- Theatrical poster
- Et rigtigt menneske
- Directed by: Åke Sandgren
- Screenplay by: Åke Sandgren
- Produced by: Ib Tardini
- Starring: Nikolaj Lie Kaas; Peter Mygind; Susan Olsen [da];
- Cinematography: Dirk Brüel
- Edited by: Kasper Leick
- Production company: Zentropa
- Distributed by: Nordisk Film (Denmark); Trust Film Sales (Foreign);
- Release date: 27 April 2001 (Denmark);
- Running time: 94 min.
- Country: Denmark
- Language: Danish

= Truly Human =

2001 film

Truly Human (Et rigtigt menneske), certified as Dogme #18, is a 2001 Danish drama film written and directed by Åke Sandgren, and starring Nikolaj Lie Kaas, Peter Mygind, and Susan Olsen. Produced by Lars von Trier's and Peter Aalbæk Jensen's company Zentropa, the film was created following the Dogme 95 rules, and is experimental in style and narrative.

== Plot ==
A contemporary fable about an invisible man who is given the chance to become a real human being. "P" is an imaginary character in the mind of seven-year-old Lisa. He lives behind the wallpaper in her bedroom. One day the house is demolished and he emerges from the rubble. With no language or identity he sets out into the human world, ending up at a refugee centre.
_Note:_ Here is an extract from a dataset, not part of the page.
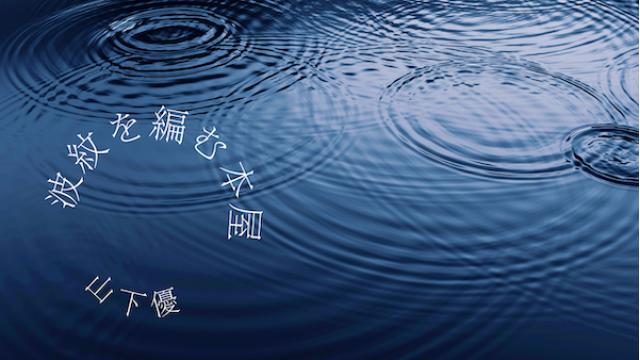 山下優　波紋を編む本屋　第3回「売れた」本を取り揃えることが、書店にとって第一なのか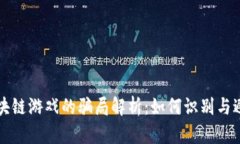 区块链游戏的骗局解析：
This is the start of the account of "P's" dramatic progress through decline on his way to become truly human.

== Cast ==
- Nikolaj Lie Kaas as P
- Peter Mygind as Walther
- Susan Olsen as Charlotte (as Susan A. Olsen)
- Troels II Munk as Stromboli
- Line Kruse as Tanja
- Søren Hauch-Fausbøll as Kjeldsen
- Clara Nepper Winther as Lisa
- Oliver Zahle as Benny
- Charlotte Munksgaard as Molly (as Chalotte Munksgaard)
- Klaus Bondam as Ulrik
- Peter Belli as Sedergren
- Hans Henrik Voetmann as customer in shoe shop
- Josephine Cadan as Zelma
- Jesper Asholt as Tern
- Henning Palner as Forsberg
- Anne Oppenhagen Pagh as Anna, secretary

== Themes ==
The film uses a Kaspar Hauser-like fantasy premise to tell a modern-day story that deal with sensitive issues like racism and immigration with a sharp edge to it.

== Accolades ==
Nikolaj Lie Kaas won the 2002 Robert Award for Best Actor in a Leading Role for his role as P.